Because of the many possible twists and ramifications, the design of this module is to be as much configurable as possible. One of ways of configurations is a rich system of options which influence different steps of the process. To cover cases when options are not flexible enough, the process is broken into many steps; each step is easily overridable by subclassing Net::ChooseFName.

The defaults are chosen to be as safe as possible while not getting very much into the ways. For example, since % is a special character on DOSish shells, to simplify working from command line on such systems, we avoid this letter in generated file names. Similarly, since MacOS has problems with filenames with 8-bit characters, we avoid them too; since may Unix programs have problem with spaces in file names, we massage them into underscores; the length of the longest file path component is restricted to 255 chars.

Note that in many situations it is advisable to make these restrictions yet stronger. For example, for copying to CD one should restrict names yet more (max_length => 64); for copying to MSDOS file systems enable option '8+3' => 1.

[In the description of methods the $self argument is omitted.]

Principal methods

new(OPT1 => $val1, ...)

Constructor method. Creates an object with given options. Default values for the unspecified options are (comments list in which methods this option is used):

  protect	=>		# protect_characters()
				# $1 should contain the match
		   qr/([?*|\"<>\\:?#\x00-\x1F\x7F-\xFF\[\])/,
  protect_pref	=> '@',		# protect_characters(), protect_directory()
  root		=> '.',		# find_directory()
  dir_mode	=> 0775,	# directory_found()
  mkpath	=> 1,		# directory_found()
  max_suff_len	=> 4,		# split_suffix()	'jpeg'
  keepsuff_same_mediatype => 1,	# choose_suffix()
  type_suff	=>		# choose_suffix()
		   {'text/ftp-dir-listing' => '.dirl'}
  keep_suff	=> { text/plain => 1,
		     application/octet-stream => 1 },
  short_suffices =>		# eight_plus_three()
		   {jpeg => 'jpg', html => 'htm',
		    'tar.bz2' => 'tbz', 'tar.gz' => 'tgz'},
  suggest_disposition => 1,	# find_name_by_response()
  suggested_only_basename => 1,	# find_name_by_response(), raw_name()
  fix_url_backslashes => 1,	# protect_characters()
  max_length	=> 255,		# fix_dups(), fix_component()
  cache_name	=> 1,		# name_found()
  queryless_types =>		# url_takes_query()
	 { map(($_ => 1),	# http://filext.com/detaillist.php?extdetail=DJV 2005/01
	       qw(image/djvu image/x-djvu image/dejavu image/x-dejavu
		  image/djvw image/x.djvu image/vnd.djvu ))},
  queryless_ext	=> { 'djvu' => 1, 'djv' => 1 }, # url_takes_query()

The option type_suff is special so that the user-specified value is added to this hash, and not replaces it. Similarly, the value of option html_suff is used to populate the value for text/html of this hash.

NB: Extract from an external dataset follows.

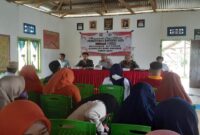 Suasana Pembentukan Koperasi Desa Merah Putih Pinogu melalui Musyawarah Desa (Musdes) Khusus Desa Pinogu Kecamatan Pinogu, Rabu (28/5).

Other, options have undef as the default value. Their effects are documented in the documentation of the methods they affect. With the exception of known_names, these options are booleans.

html_suff			# new()
known_names			# known_names() name_found(); hash ref or undef
only_known			# known_names()
hierarchical			# raw_name(), find_directory()
use_query			# raw_name()
8+3				# fix_basename(), fix_component()
keep_space			# fix_component()
keep_dots			# fix_component()
tolower			# fix_component()
dir_query			# find_directory()
site_dir			# find_directory()
ignore_existing_files		# fix_dups

keep_nosuff, type_suff_no_enc, type_suff_fallback,
type_suff_fallback_no_enc	# choose_suffix()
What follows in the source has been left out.